My heart goes out to the families who lost loved ones. Since this was a gay club, the odds of the deceased being in heaven is about the same as Omar being Amish.

Tuesday, June 7, 2016

America Makes History

Satan's evil sister, Cankles Clinton has clinched the communist party nomination becoming the first White female to be a major party candidate. Are people that stupid? Apparently so. She has a long history as the wife and enabler of Worthless Willie the serial rapist. She has zero accomplishments on her own in any arena whether as worst lady, Senator  Carpet bagger from New York, or her disastrous time as Secretary of State.

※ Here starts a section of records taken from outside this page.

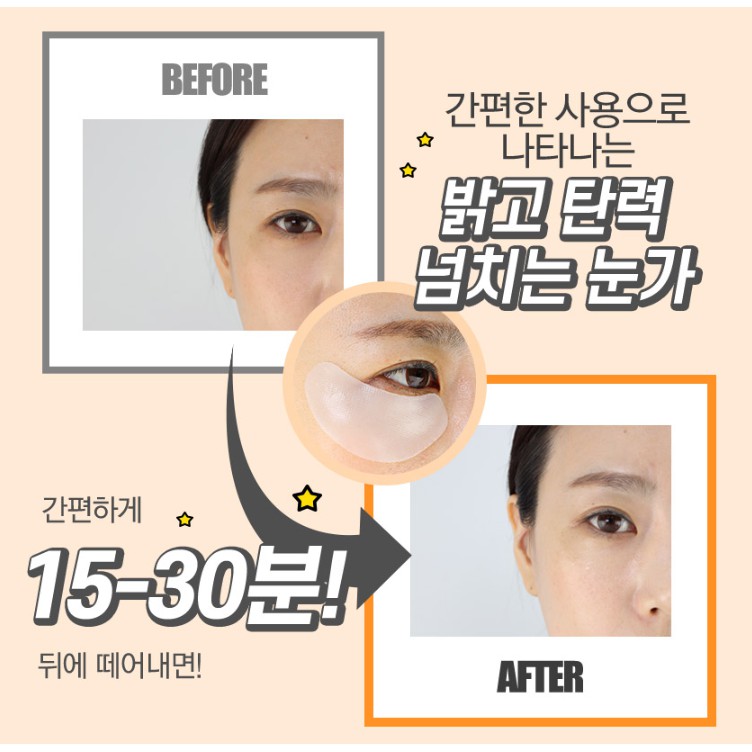 Mặt Nạ 2in1 Mờ Thâm, Cải Thiện Nếp Nhăn Vùng Mắt G9Skin Self Aesthetic Collagen Hydrogel Eye Patch 3g | Thế Giới Skin Care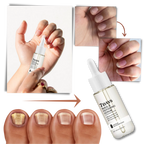 Sérum réparateur pour les ongles en 7 jours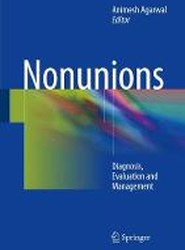 Nonunions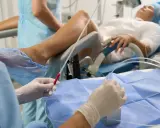 Person w rękawiczkach przygotowuje się do procedury, która może pomóc w oddawaniu moczu po wyjęciu cewnika. Pacjentka leży na fotelu ginekologicznym.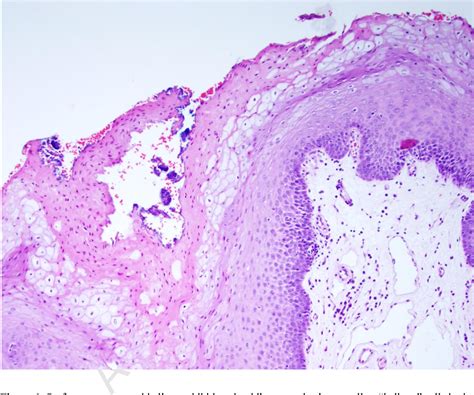 Figure 1 From Considerations In The Diagnosis Of Oral Hairy Leukoplakia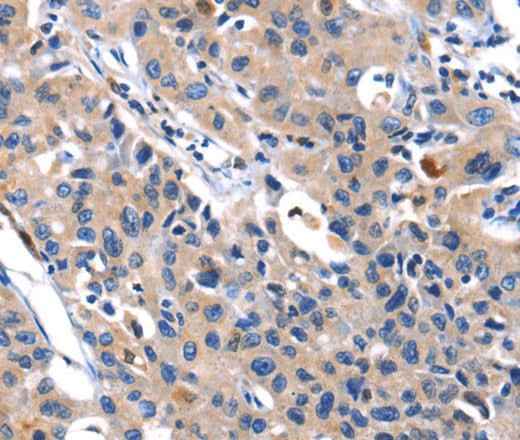 Anti-Human/Mouse/Rat MMP16 Antibody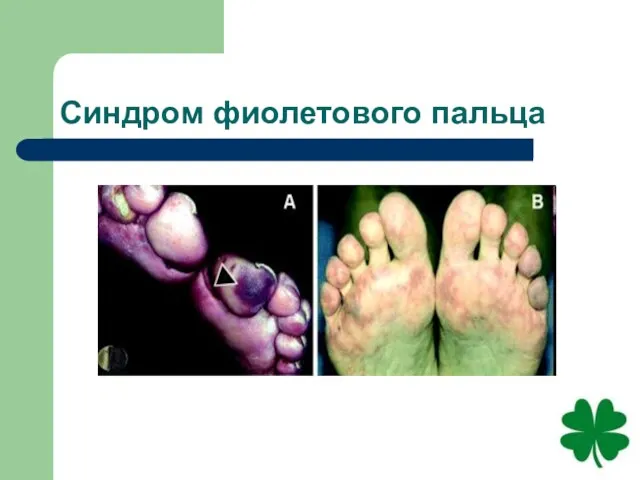 Синдром фиолетового пальца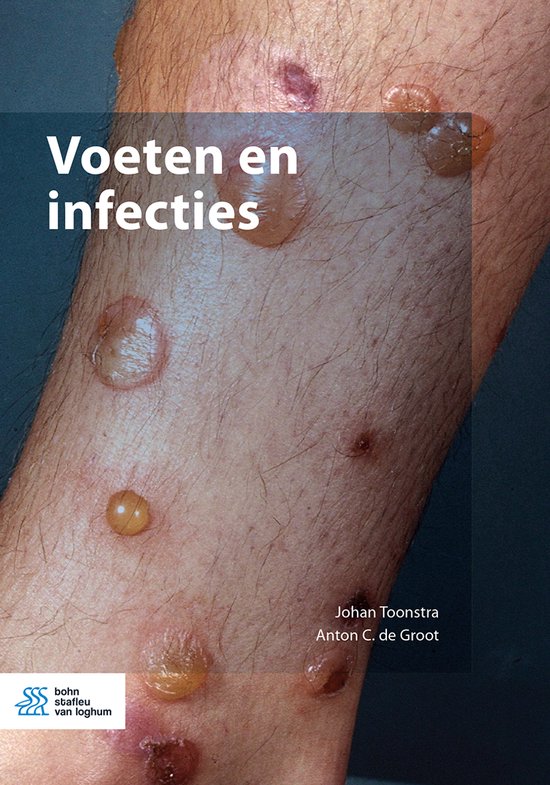 Voeten en infecties - cover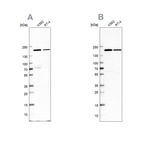Western blot analysis using Anti-EPRS antibody HPA026490 (A) shows similar pattern to independent antibody HPA030052 (B).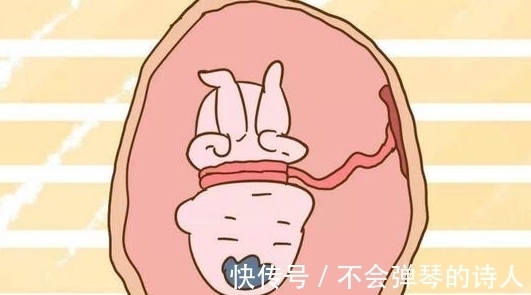 怀孕|怀孕之后,如果不想胎儿脐带绕颈,请尽快改正以下4种坏习惯!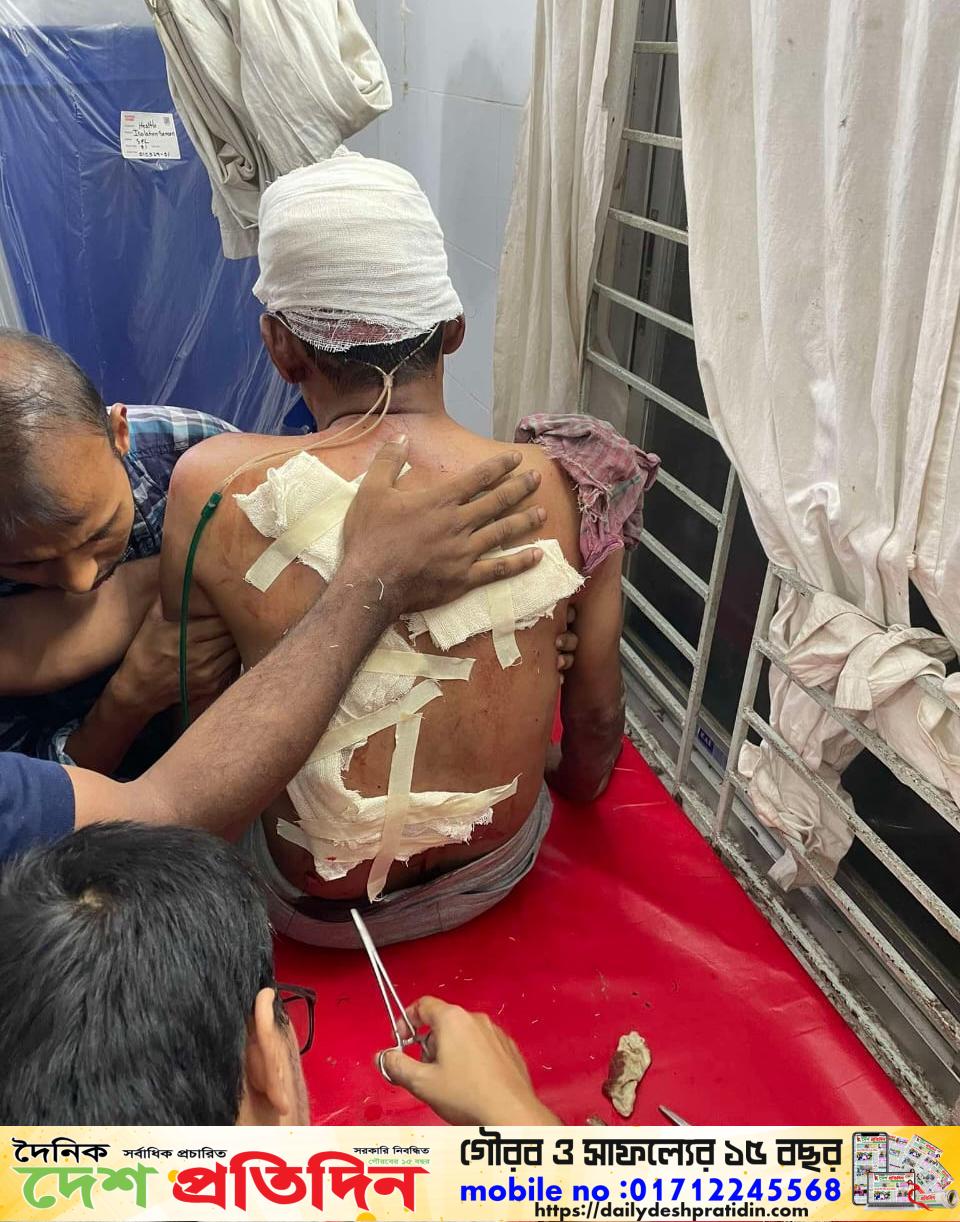 নোয়াখালীতে জেলা পরিষদের সাবেক সদস্যকে কুপিয়ে জখম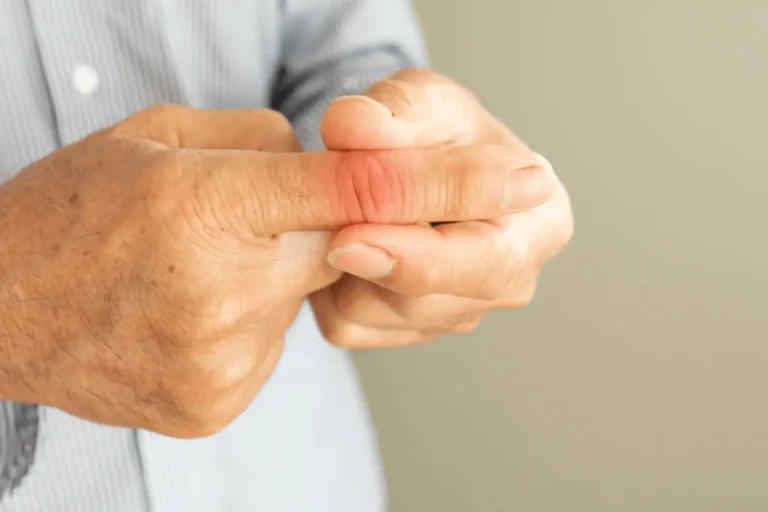 Sokízületi gyulladás (polyarthritis)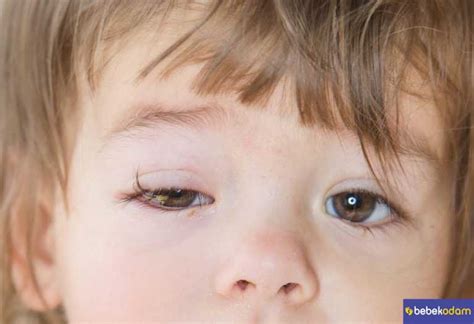Çocuklarda Göz Nezlesi Neden Olur? Ne İyi Gelir?
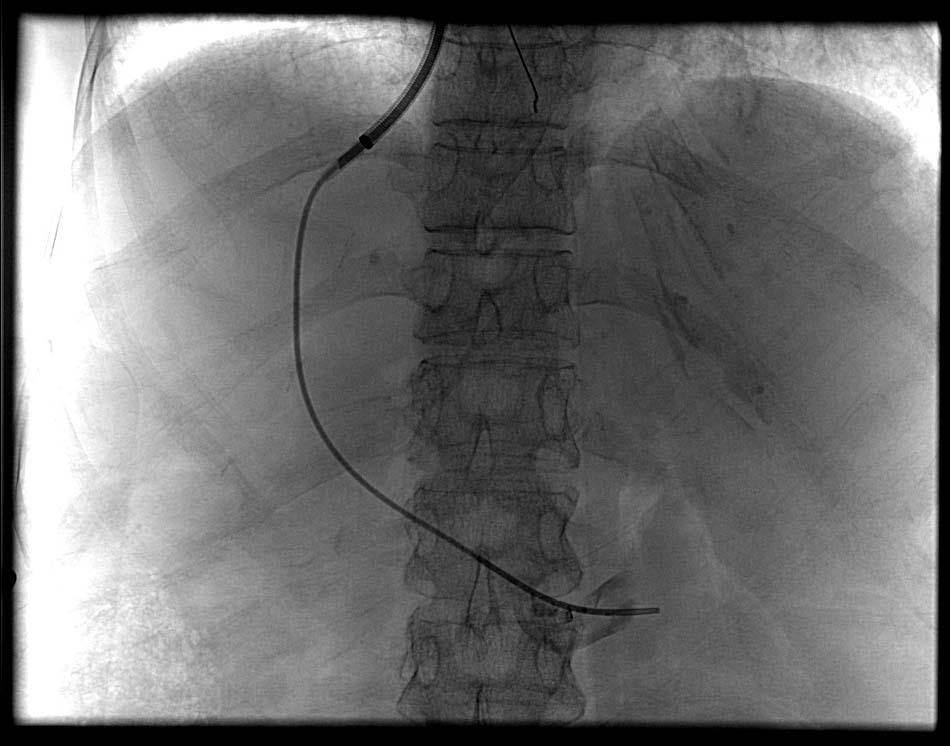 Catheter in Portal Vein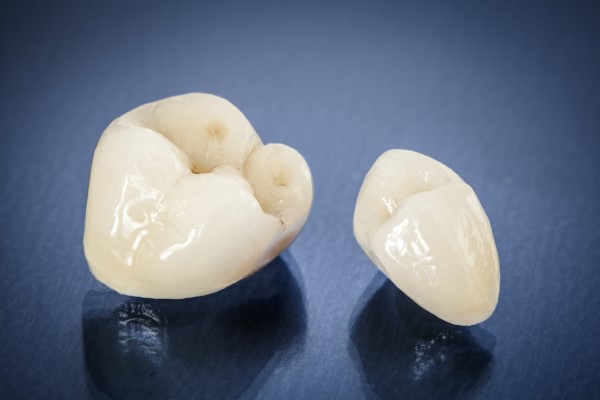 CEREC® Crowns Vs  Traditional Dental Crowns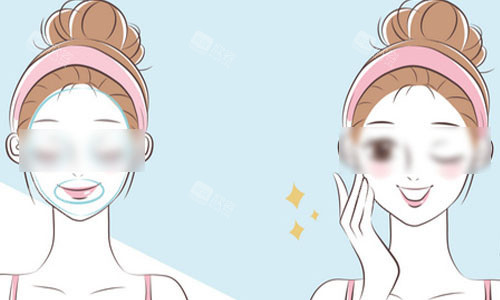 光子嫩肤前后对比的动画图 光子嫩肤前后对比的动画图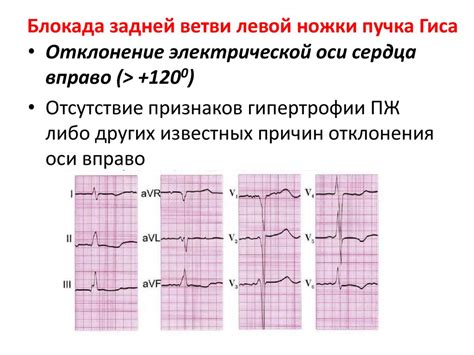 Последствия нарушения проводимости по правой ветви пучка Гиса для организма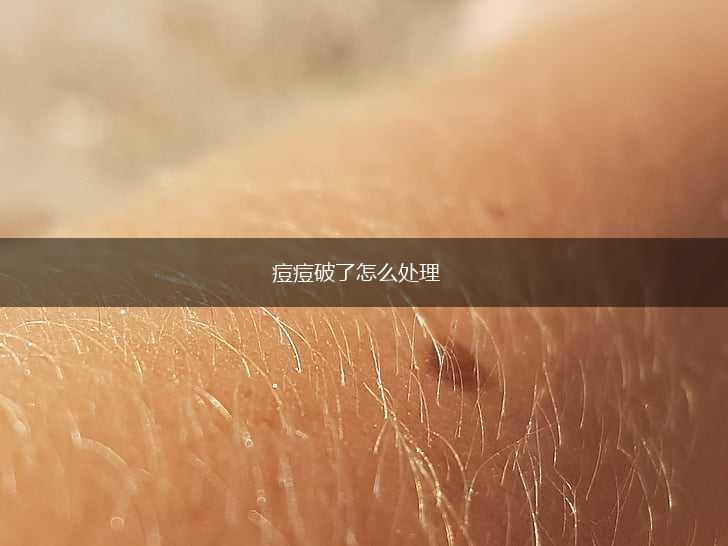 痘痘破了怎么处理,第1张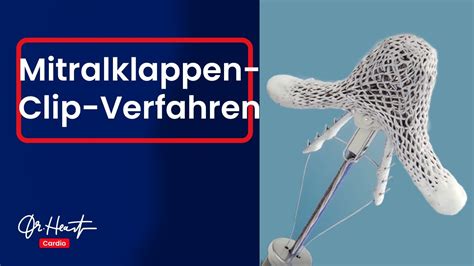 Herzklappe Reparieren Ohne Operation Der MitraClip Eingriff Dr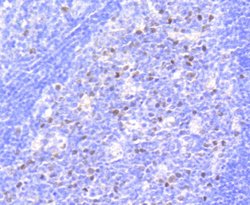 Invitrogen Phospho-Rb (Ser807) Recombinant Rabbit Monoclonal Antibody (SR3-82)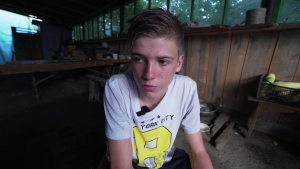 Adolescente muestra sus heridas por la guerra en Ucrania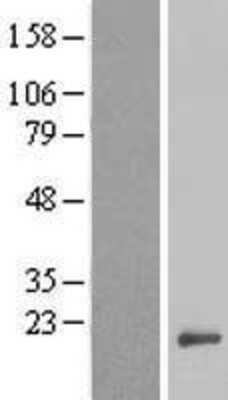 Western Blot: ANAPC15 Overexpression Lysate [NBL1-08107]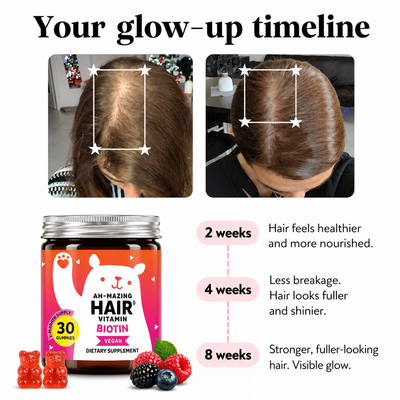 Biotin Gummies for Hair, Skin & Nails | 5000 mcg Biotin + Vitamins C & E + Zinc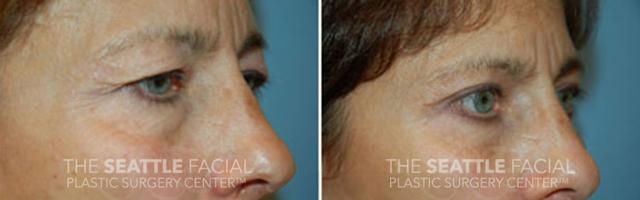 Blepharoplasty before at Dr William Portuese in Seattle, WA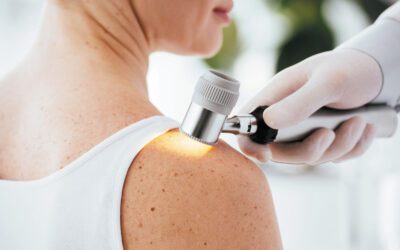 When Squamous Cell Carcinoma is Missed: Why Early Action and Patient Transparency Matter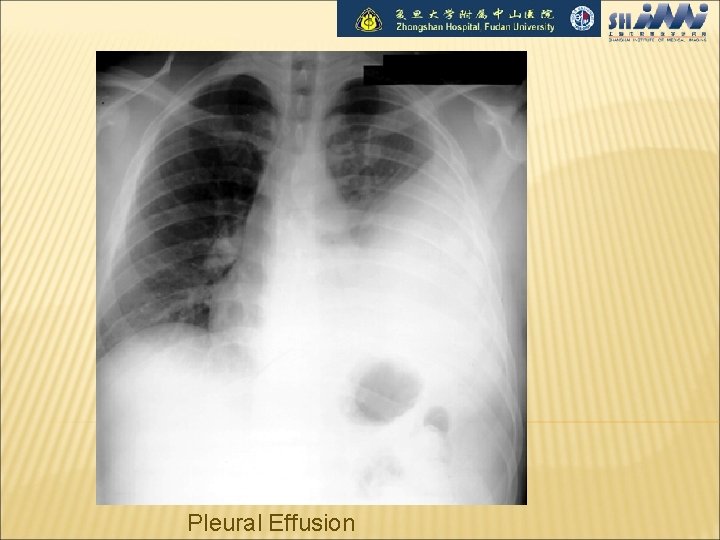 Pleural Effusion 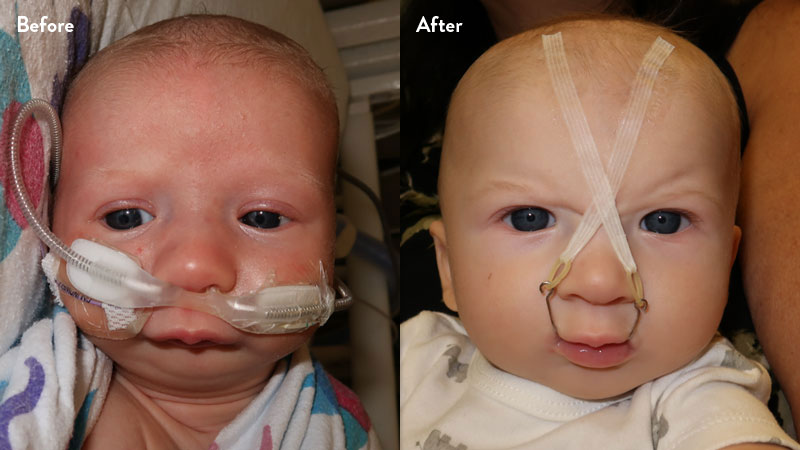 Before and after of infant with orthodontic airway plate treatment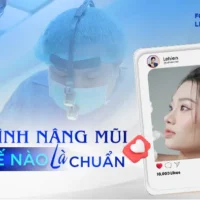 quy-trinh-nang-mui-nhu-the-nao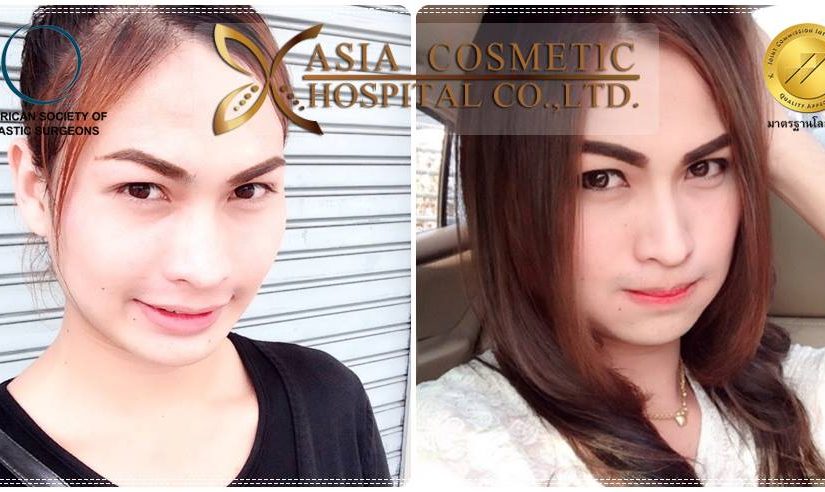 เสริมจมูกสวยๆ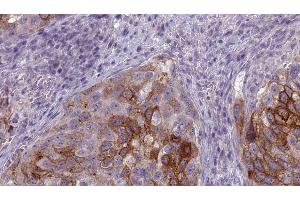 ABIN6275668 at 1/100 staining Human urothelial cancer tissue by IHC-P. (ATP6V1B1 anticorps  (Internal Region))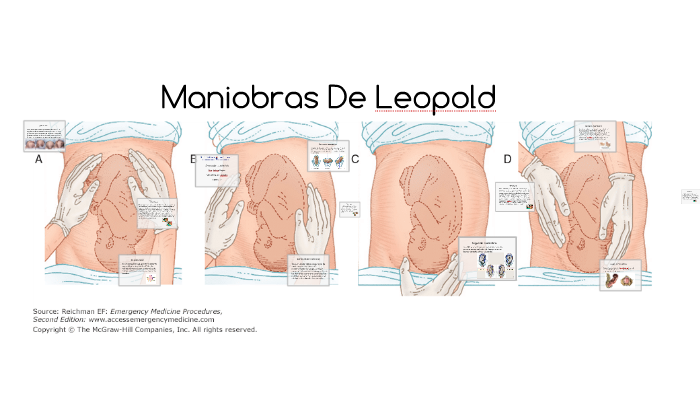 Maniobras de leopold by alejandra penago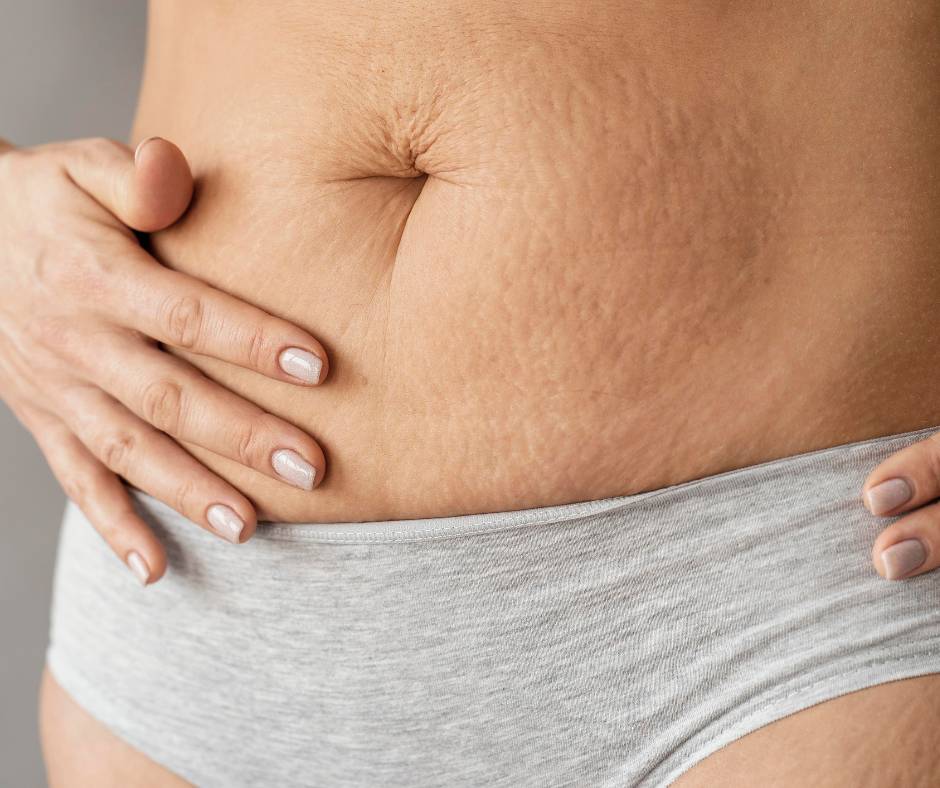 vaginal births and decreased risk of belly button distortion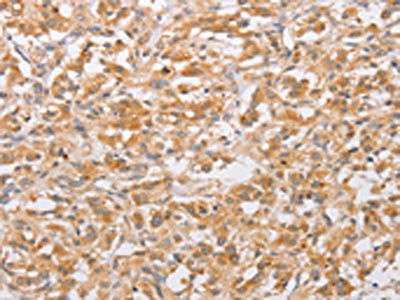 Anti-CSGALNACT2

Gee, kinda sounds like a former illegal alien Senator from Illinois.
Note I said White female, I've said it before, Worthless Willie was supposedly our first black president, and Barry the beta our first female, so that limits her claims to notoriety.
The only good thing I can say as far as the demonicRATS go is I have yet to see Sasquatch listed as a candidate any where.....Yet.

Friday, June 3, 2016

Some people

I was talking with a guy today and he was giving me crap about being married to a gal from Honduras, but not speaking a lick of Spanish.
I said, look, I speak three languages, and I think that's enough.
He had a look of doubt on his face, and said, "Really?"
I said, "Yes, I speak English, bad English, and French."
"Yes, why don't you go take a flying fuck off a tall tower?...... Pardon my French."